Em declarações à agência Lusa, Augusto Santos Silva salientou que já foram pedidos esclarecimentos às autoridades espanholas e que aguarda por uma resposta, referindo que a resolução da Direção Geral de Saúde de Espanha, “viola” as boas práticas que têm presidido na coordenação da gestão comum da fronteira terrestre.
“Pedimos esclarecimentos sobre esta questão às autoridades espanholas, aguardamos que sejam prestados o mais rapidamente possível, porque, se não, teríamos de adotar, da nossa parte, medidas de reciprocidade equivalentes, tendo em conta que a situação epidemiológica de Espanha é, desde logo, pior do que a vivida em Portugal”, afirmou Santos Silva.
“Esperemos que se trate de um equívoco da DGS de Espanha, que esse erro, esse equívoco, seja corrigido rapidamente, sob pena de termos de tomar medidas de reciprocidade”, insistiu. E o Governo não está sozinho nesta avaliação: também Marcelo Rebelo de Sousa reagiu à decisão, dizendo considerar a decisão “estranha”, por ter sido tomada sem “uma palavra” ao Executivo português.

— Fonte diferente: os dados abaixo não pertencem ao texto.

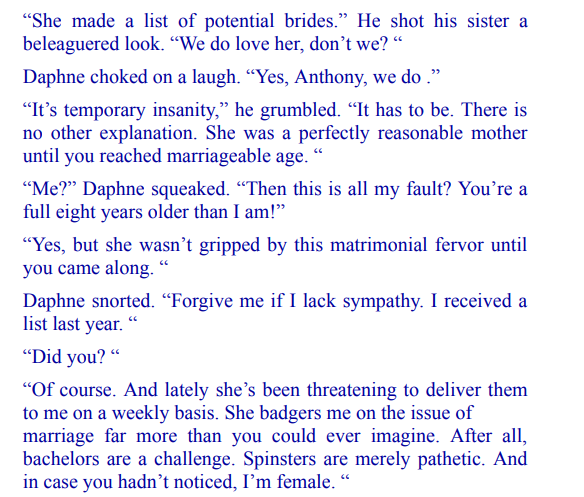 The Duke and I Julia Quinn by Julia Quinn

Já André Ventura tinha esta segunda-feira pedido explicações sobre o caso ao Governo, perguntando precisamente se Portugal iria aplicar medidas recíprocas a Espanha e criticando o que diz parecer “um boicote ao povo português”, na sequência da decisão do Reino Unido de retirar Portugal da lista de países considerados seguros. E o Governo diz estar disposto a tomar essas medidas, caso a situação não seja alterada.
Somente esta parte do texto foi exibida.